現金が必要になり、コンビニのATMに駆け込んだことのある人は多いだろう。なぜコンビニATMの紙幣はなくならないのか。早稲田大学名誉教授の山田英夫さんは「セブン銀行ATMにおいて、業者による現金補充は月1回程度だ。それでもお札が尽きないのは、出金が圧倒的な需要を占めるコンビニATMに『入金』の仕組みを作ったからだ」という――。
※本稿は、山田英夫『トレード・オン思考』(KADOKAWA)の一部を再編集したものです。
コンビニATMの歴史
「コンビニでお金を引き出せたら便利」
(株)セブン‐イレブン・ジャパン(以下セブン‐イレブン)には、かなり前からこうした声が寄せられていた。
セブン‐イレブンは、1987年から公共料金等の収納代行を行っており、夜間や土日でも気軽に支払えるコンビニは便利であった。公共料金の支払いだけでなく、現金が引き出せたらもっと便利になるため、セブン‐イレブンは、まず既存の銀行と共同運営会社を作ることを考えた。

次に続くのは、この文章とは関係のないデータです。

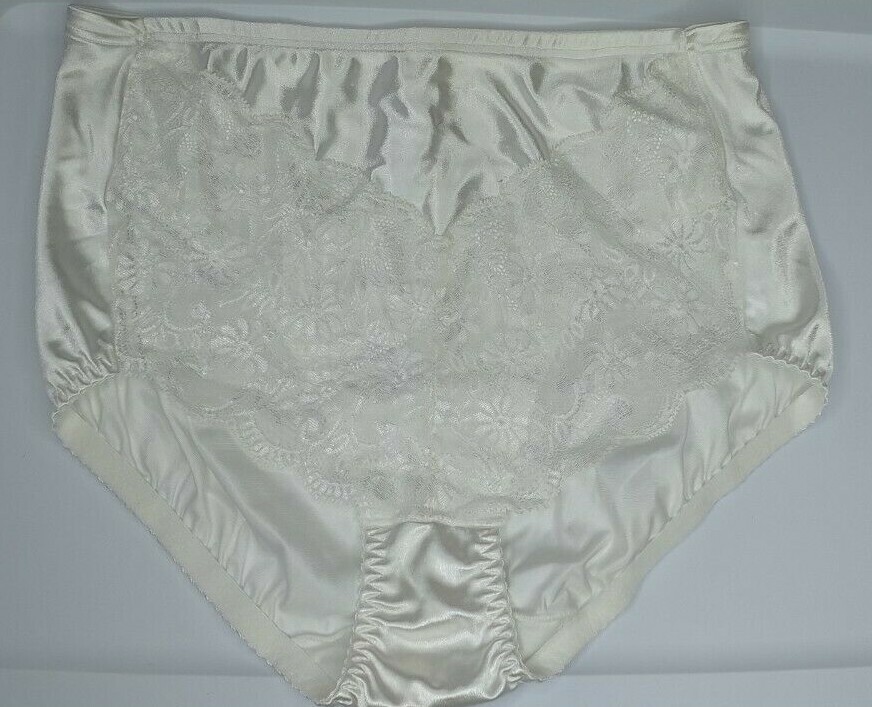 BEAUTIFUL VINTAGE BALI CONTROL TOP PANTIES UP 17% LYCRA LACY SATIN SIZE XL 31/32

しかし、銀行と手数料で調整がつかず、また共同運営では、セブン‐イレブン内のATMは銀行の出張所扱いになり、セブン‐イレブンがサービスの主導権をとれないことが明らかになった。そこでセブン‐イレブンは、自ら銀行業の免許を取る方向に転換した。
2001年に(株)アイワイバンク銀行が設立された。大株主には、三和、あさひ、三井住友、東京三菱などの大手銀行も名を連ね、基本的に融資等は行わない決済専門の銀行として誕生した(すなわち、メガバンクをはじめとする銀行とは、競争しない構造になっている)。

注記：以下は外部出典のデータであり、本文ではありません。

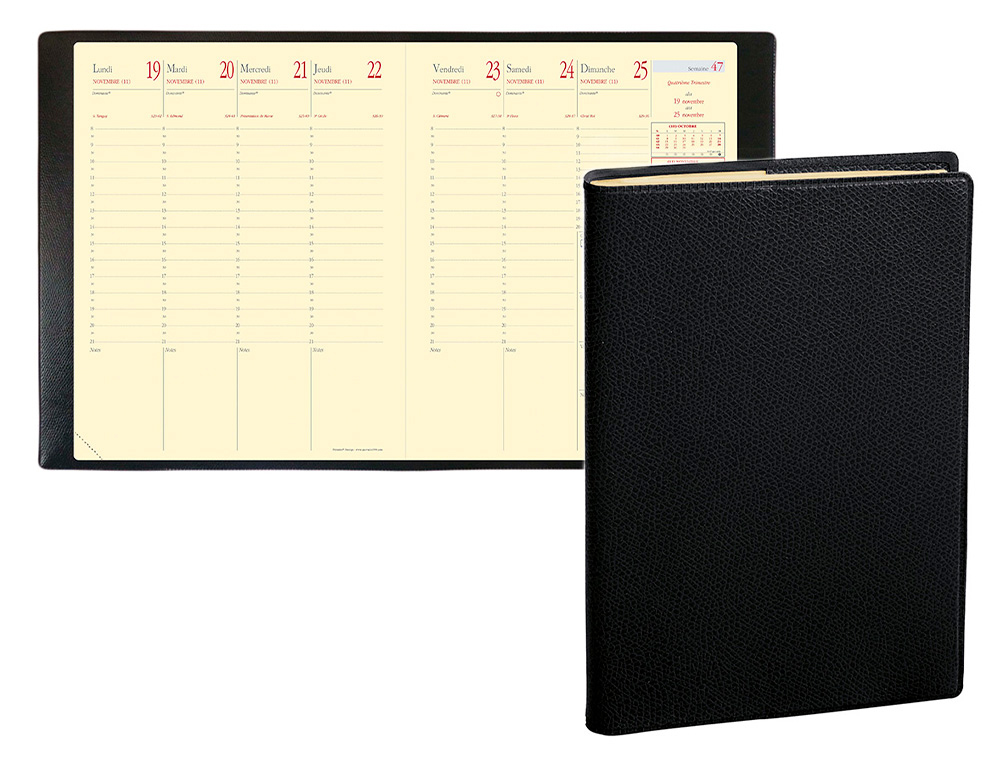 AGENDA QUO VADIS IMPALA PRESTIGE PRSIDENT 210X270MM 1 SEMAINE 2 PAGES COLORIS NOIR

銀行業の免許を取れば、金融機関各社が加盟している「統合ATMネットワーク」に加盟できると考えていた。しかし、他行客がアイワイバンク銀行のATMを使うだけで、その逆は少なく、手数料が一方的にアイワイバンクに流れると考えられ、ネットワークへの加盟は認められなかった。そこでやむをえず自力でネットワークを作り、それを直接金融機関につなげざるをえなかった。